La situation financière de quelques détaillants se délitait. Les délais de paiement s’accroissaient. Nous avons donc décidé de reconsidérer nos relations commerciales avec certains de nos partenaires. Un travail qui s’est poursuivi cette année. Résultat: un réseau qui est passé d’une centaine de points de vente à 80 aujourd’hui. Avec ceux que DeWitt a gardé, nous avons mis en place un travail de proximité, qui manquait peut-être auparavant.
La société a également dû ajuster ses effectifs…
En effet. En raison du ralentissement des commandes, nous avons été contraints de licencier cinq personnes l’an passé. Nos effectifs s’élèvent aujourd’hui à 67 personnes, suite à des départs naturels. Mais il n’y a pas eu d’ajustement depuis et pas davantage de réduction des horaires de travail. Nous avons toujours voulu protéger le savoir-faire et la formation de nos horlogers. Notre engagement est de préserver, coûte que coûte, le secteur de la production.
Sur quoi de Witt s’est-il concentré cette année?

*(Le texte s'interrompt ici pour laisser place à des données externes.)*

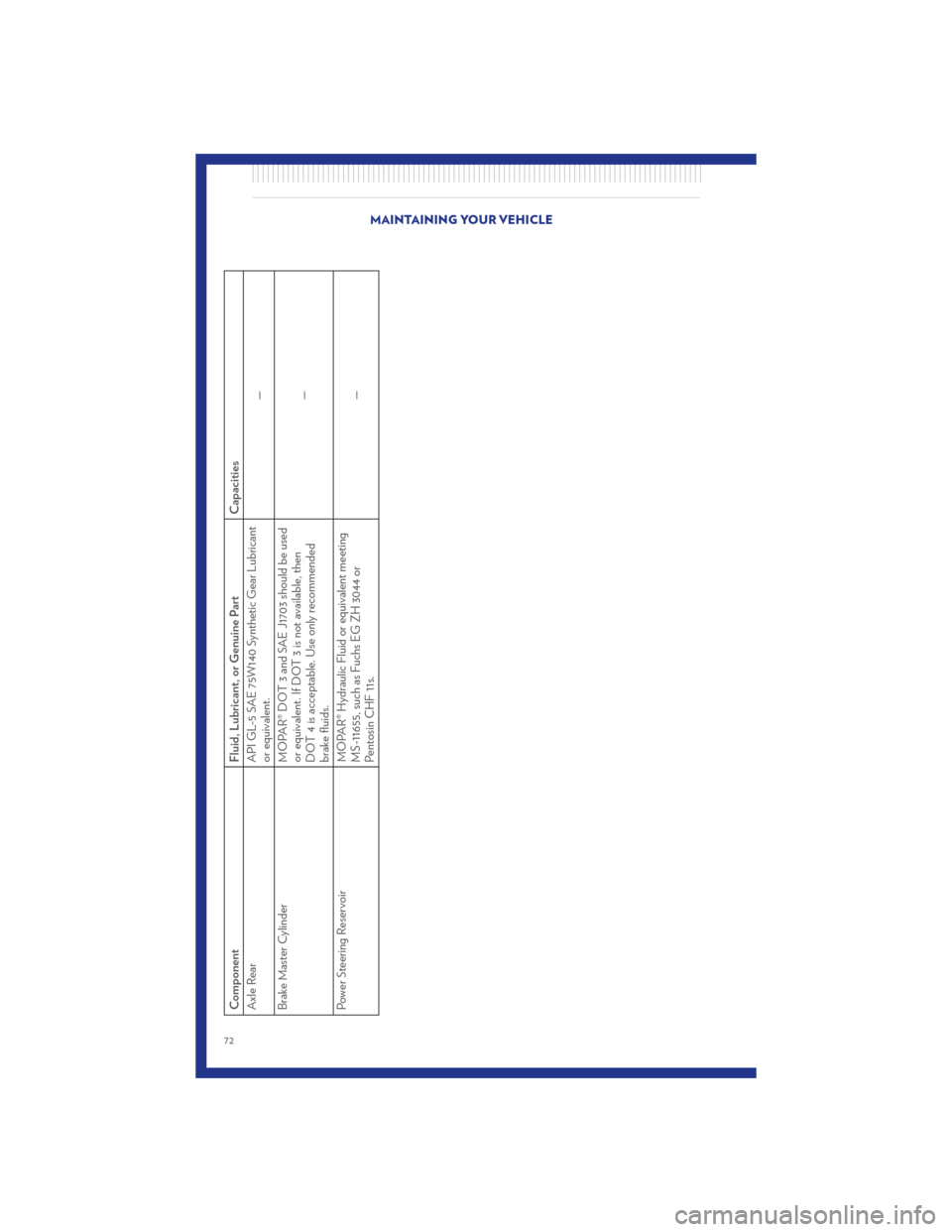 CHRYSLER 300 2011 2.G Manual PDF ComponentFluid, Lubricant, or Genuine Part Capacities
Axle Rear API GL-5 SAE 75W140 Synthetic Gear Lubricant
or equivalent. —
Brake Master Cylinder MOPAR® DOT 3 and SAE J1703 should be used
or equi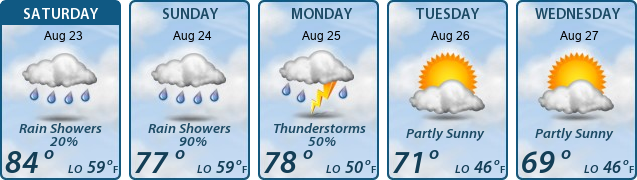 5-Day Forecast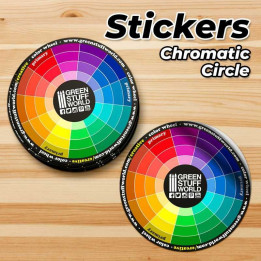 Chromatic Color Wheel Circle Sticker / Chromatické farebné koleso kruhová nálepka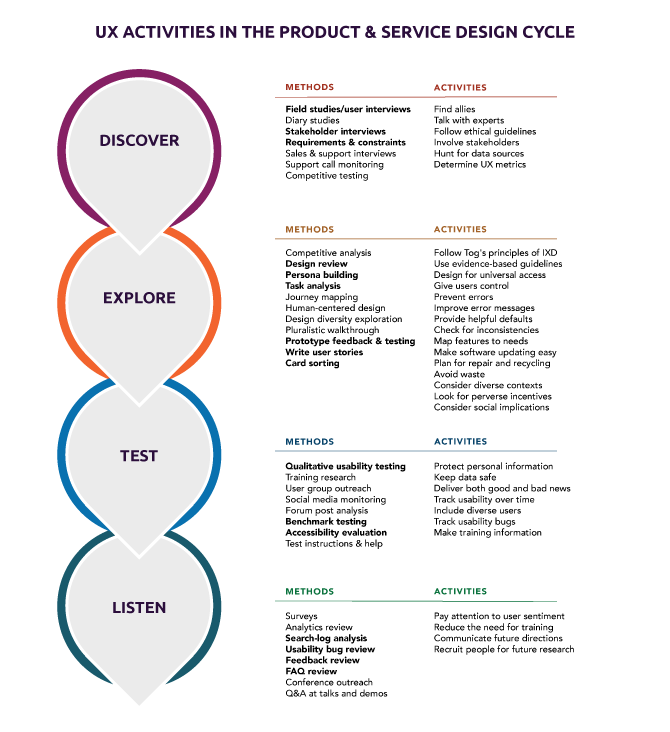 Figure: Natural language generation (NNG) methods throughout the User experience design lifecycle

Outre les éléments déjà mentionnés, nous avons encore nettement augmenté la qualité de nos produits. Par ailleurs, le sur-mesure a connu un développement très intéressant, avec une demande en hausse sur ce segment.
Combien de pièces allez-vous écouler cette année?
Moins que les 2000 de l’an passé. En fonction de l’évolution des commandes et des ventes de fin d’année – heureusement nous n’avons jamais eu de stock auprès des détaillants –, le recul du chiffre d’affaires pourrait osciller entre -30% voire -40%. Volontairement, nous ne livrons pas toutes les pièces demandées, ou alors seulement si le détaillant a les capacités financières de les honorer.
Percevez-vous des signes de reprise?
Oui. D’abord, il convient de préciser que tous les marchés n’ont pas été impactés de la même manière. La Chine et l’Asie dans son ensemble connaissent pour De- Witt une très forte croissance. Le potentiel reste intact en Amérique latine. La Russie demeure plombée et, au Proche-Orient, règne encore beaucoup de passivité. Reste que, et c’est plutôt rassurant, on ressent même des frémissements d’embellie aux Etats-Unis.
A quand une vraie sortie de crise?
Je ne suis pas sûre que l’industrie ait vraiment touché le fond. La visibilité reste aussi faible qu’en 2008 ou cette année. Peut-être que le gros de la tempête reste encore à venir. C’est maintenant que les dégâts les plus importants pour la branche risquent de survenir. Tout un chacun a essayé ces derniers mois de vivre sur ses réserves, même les grands groupes. Celles-ci s’épuisent ou ont même disparu pour certains horlogers ou fournisseurs.
Des nouveautés à annoncer pour Baselworld 2010?
Bien évidemment, il est indispensable de continuer à innover et faire évoluer le produit. Nous en dévoilerons plus à l’occasion du salon. Mais 2009 sera à marquer d’une pierre blanche, avec notre premier mouvement maison, entièrement réalisé à l’interne.